À ces incidens divers, dont l’ensemble forme la situation actuelle de l’Europe dans ce qu’elle a de plus de saillant, se rattachent, on le voit, bien des questions délicates et graves touchant à la sécurité générale du continent, aux relations internationales, aux rapports qui tendent sans cesse à s’accroître en se compliquant entre l’ancien monde et l’audacieuse race américaine. Il y a aussi les faits purement domestiques pour chaque pays. Sans doute, même dans un événement comme celui qui vient de s’accomplir en Belgique, — le mariage du prince royal avec une archiduchesse d’Autriche. — même dans les efforts que ne cesse de faire l’Espagne pour savoir dans quel sens elle doit marcher, à quelle influence elle doit obéir, — sans doute dans ces faits il y a un intérêt général ; mais ici les considérations intérieures prédominent. Dans cet ordre de faits suffisamment graves, mais qui ne perdent pas entièrement le caractère domestique, la Hollande a sa part comme les autres pays. Les questions religieuses suscitées il y a quelques mois viennent de trouver leur solution. La loi proposée par le cabinet hollandais pour régler la surveillance de l’état sur les communions religieuses a reçu aujourd’hui la sanction des deux chambres de La Haye.

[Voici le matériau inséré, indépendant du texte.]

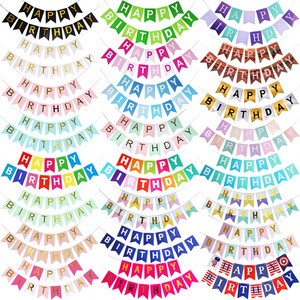 Hot Sale Paper Flag Banner Cheap Event Party Backdrop Decorations in Different Colors for Birthday Buntings & Toys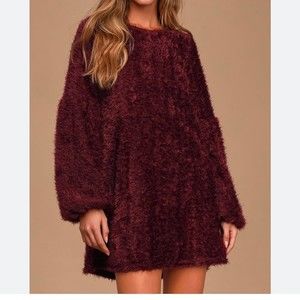 NWT lulu’s Couldn't Be Sweeter Burgundy Fuzzy Knit Sweater Dress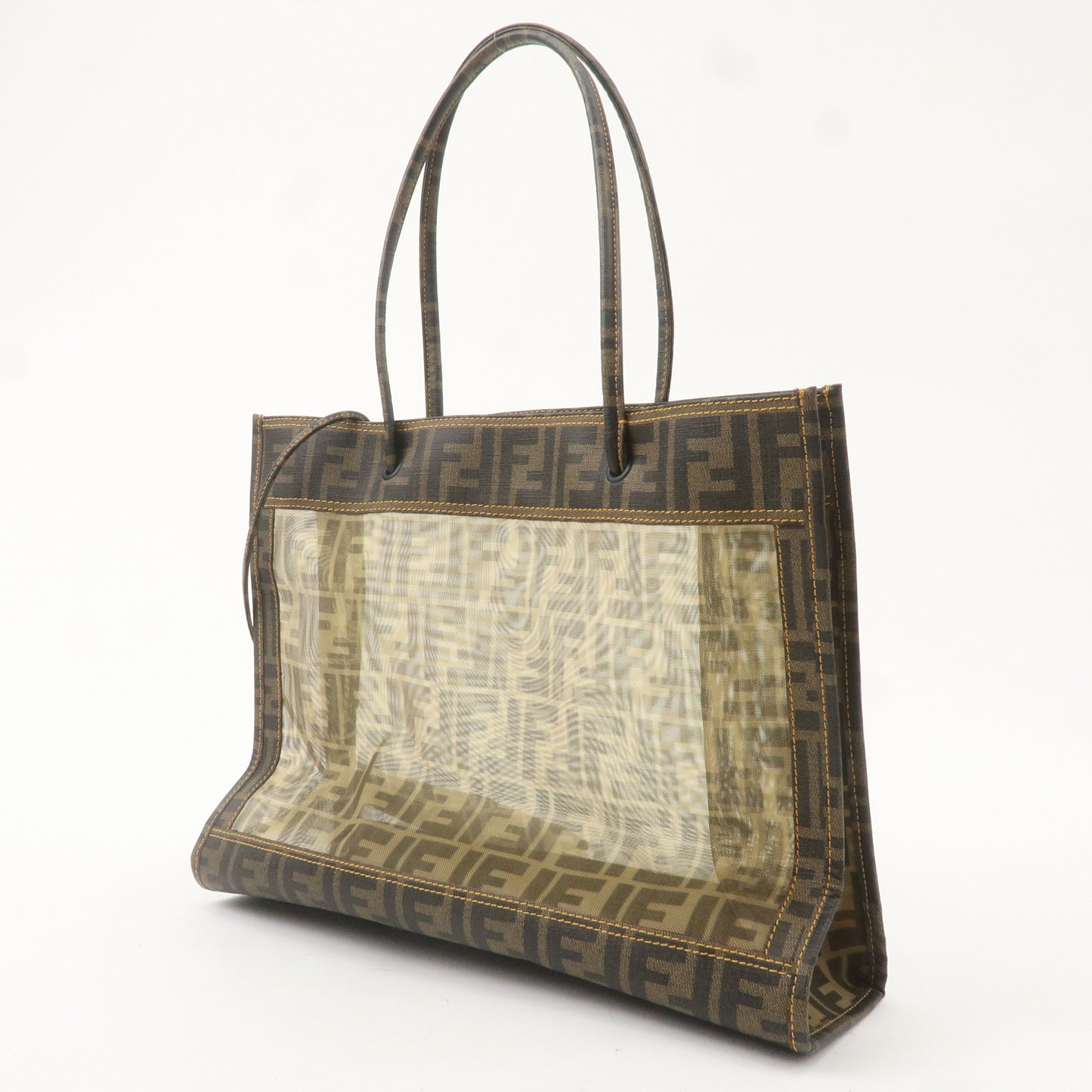 FENDI Zucca Mesh PVC Tote Bag Hand Bag Brown Black 8BH183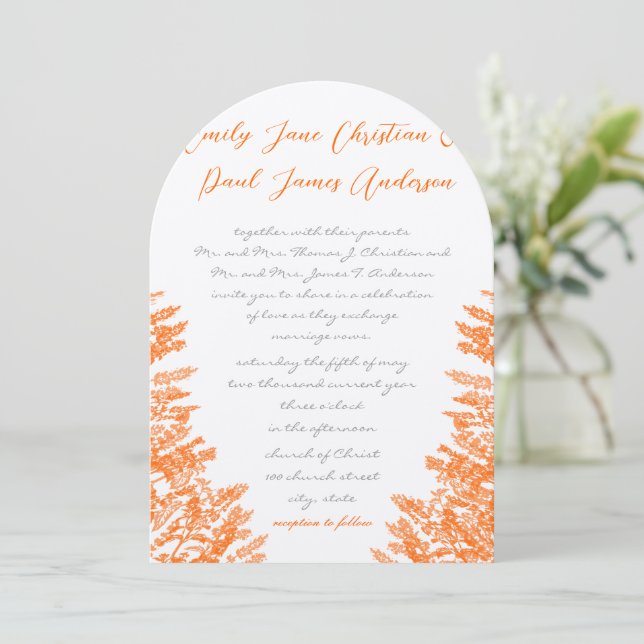 Orange Wild Flowers and Bees Wedding Invitations (Standing Front)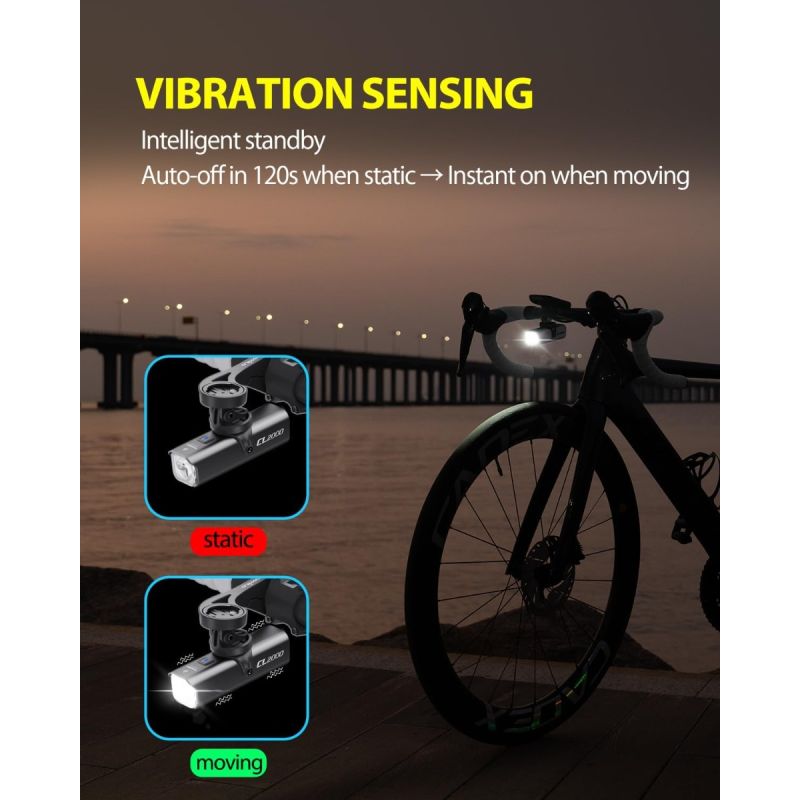 TOWILD CL2000 Bike Lights for Night Riding,2000LM Super Bright Bicycle Headlight,Waterproof Bike Front Light for Mountain Road Cycling Commuting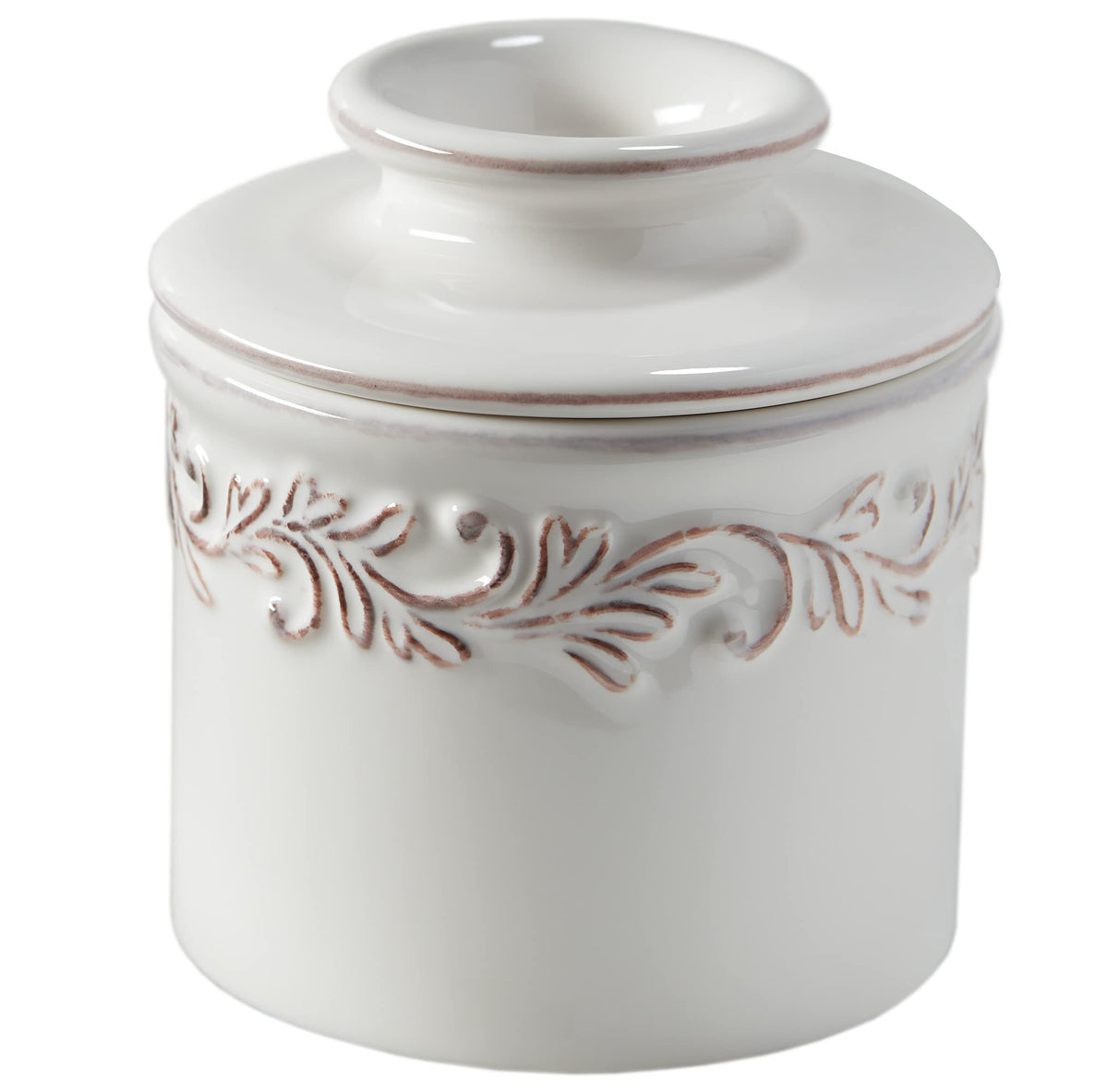 Butter Bell front view in White Linen showing elegant embossed design and benefit of countertop style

C’est après quinze jours de débats remarquables que ces difficultés ont été tranchées par le vole des états-généraux. Dans cette lutte parlementaire, le gouvernement était appuyé par le parti réformé historique, par la fraction modérée du parti libéral qui s’est rattachée au nouveau ministère ; de l’autre côté étaient naturellement au premier rang les catholiques et les libéraux plus avancés qui avaient soutenu l’ancien cabinet, dirigé par M. Thorbecke.